Super Micro Shares Slip 3.8% on 15% Global Tariffs for 150 Days

SMCISMCI

Shares of Super Micro fell 3.8% after the administration imposed a 15% global tariff under the Trade Act of 1974 for 150 days, following a Supreme Court ruling on trade powers. The renewed policy uncertainty threatens the company’s international supply chains and could pressure future earnings.

1. Trade Act Tariff Imposed

The administration announced a 15% global tariff on imports under the Trade Act of 1974, effective for 150 days, after the Supreme Court ruled the president could not use the IEEPA to impose such duties. This rapid shift in trade policy renewed uncertainty around U.S. trade powers and international tariffs.
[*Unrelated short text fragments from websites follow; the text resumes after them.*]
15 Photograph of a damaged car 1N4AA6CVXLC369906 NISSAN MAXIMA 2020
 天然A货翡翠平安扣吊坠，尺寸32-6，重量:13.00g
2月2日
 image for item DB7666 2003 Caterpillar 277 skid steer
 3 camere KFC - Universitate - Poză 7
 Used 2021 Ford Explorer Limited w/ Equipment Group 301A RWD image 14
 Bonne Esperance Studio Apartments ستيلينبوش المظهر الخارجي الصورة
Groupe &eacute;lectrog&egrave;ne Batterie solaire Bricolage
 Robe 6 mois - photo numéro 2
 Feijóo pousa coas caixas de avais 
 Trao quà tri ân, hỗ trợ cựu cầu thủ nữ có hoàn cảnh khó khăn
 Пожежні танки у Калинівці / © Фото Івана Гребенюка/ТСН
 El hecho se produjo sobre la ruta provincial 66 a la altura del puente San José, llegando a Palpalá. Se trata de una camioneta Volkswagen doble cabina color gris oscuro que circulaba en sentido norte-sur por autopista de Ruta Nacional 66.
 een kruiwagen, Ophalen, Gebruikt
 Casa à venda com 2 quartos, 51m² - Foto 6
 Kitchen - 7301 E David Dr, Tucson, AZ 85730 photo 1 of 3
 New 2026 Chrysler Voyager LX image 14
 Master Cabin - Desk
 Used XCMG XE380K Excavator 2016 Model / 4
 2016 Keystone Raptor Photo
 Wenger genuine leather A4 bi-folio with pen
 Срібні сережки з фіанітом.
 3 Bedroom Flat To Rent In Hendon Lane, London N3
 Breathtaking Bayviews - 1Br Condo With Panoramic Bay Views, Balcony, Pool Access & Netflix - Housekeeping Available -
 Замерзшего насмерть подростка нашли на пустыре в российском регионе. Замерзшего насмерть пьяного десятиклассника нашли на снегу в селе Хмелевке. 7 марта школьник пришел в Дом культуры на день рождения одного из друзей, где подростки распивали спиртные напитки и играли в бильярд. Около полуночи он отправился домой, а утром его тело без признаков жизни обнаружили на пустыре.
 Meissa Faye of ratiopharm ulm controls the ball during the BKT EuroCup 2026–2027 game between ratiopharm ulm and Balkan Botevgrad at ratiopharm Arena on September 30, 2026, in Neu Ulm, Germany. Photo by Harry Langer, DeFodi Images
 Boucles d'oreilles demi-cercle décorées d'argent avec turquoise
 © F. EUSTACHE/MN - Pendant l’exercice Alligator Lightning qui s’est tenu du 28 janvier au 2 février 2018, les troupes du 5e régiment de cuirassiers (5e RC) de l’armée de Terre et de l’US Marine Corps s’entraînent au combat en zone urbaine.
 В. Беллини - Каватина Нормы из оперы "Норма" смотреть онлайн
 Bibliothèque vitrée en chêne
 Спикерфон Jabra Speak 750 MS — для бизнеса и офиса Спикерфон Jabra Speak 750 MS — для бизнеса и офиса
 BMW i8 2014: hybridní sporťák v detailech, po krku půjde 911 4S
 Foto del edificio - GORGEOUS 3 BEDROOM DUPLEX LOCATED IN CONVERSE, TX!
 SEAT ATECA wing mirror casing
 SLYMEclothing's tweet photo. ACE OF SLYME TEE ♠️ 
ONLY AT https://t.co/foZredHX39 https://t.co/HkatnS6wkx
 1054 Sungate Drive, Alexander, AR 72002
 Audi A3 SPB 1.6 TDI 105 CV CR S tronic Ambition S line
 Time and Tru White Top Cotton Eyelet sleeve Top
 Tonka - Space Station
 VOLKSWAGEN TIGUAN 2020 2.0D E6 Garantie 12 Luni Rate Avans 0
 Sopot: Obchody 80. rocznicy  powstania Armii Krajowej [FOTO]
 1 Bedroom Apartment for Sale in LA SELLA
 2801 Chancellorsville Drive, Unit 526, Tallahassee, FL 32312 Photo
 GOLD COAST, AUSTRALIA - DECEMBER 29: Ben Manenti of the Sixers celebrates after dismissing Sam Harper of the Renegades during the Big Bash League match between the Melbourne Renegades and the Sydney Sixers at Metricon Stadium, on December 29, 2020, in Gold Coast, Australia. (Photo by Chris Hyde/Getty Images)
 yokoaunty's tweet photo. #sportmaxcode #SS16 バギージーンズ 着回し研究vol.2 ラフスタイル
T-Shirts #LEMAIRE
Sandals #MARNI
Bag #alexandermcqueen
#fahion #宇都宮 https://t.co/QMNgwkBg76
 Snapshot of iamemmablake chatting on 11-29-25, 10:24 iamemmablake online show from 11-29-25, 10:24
2. Market Reaction and Stock Metrics

Super Micro shares slid 3.8% in early trading as investors digested the tariff news. The company’s stock has exhibited extreme volatility with 57 moves over 5% in the past year, is flat year to date and trades 48.7% below its 52-week high of $60.71.

3. Implications for Supply Chains and Earnings

The tariff could strain Super Micro’s international supply chains and compress margins, potentially impacting future earnings. Investors will watch how the company adjusts sourcing and pricing strategies to absorb added costs.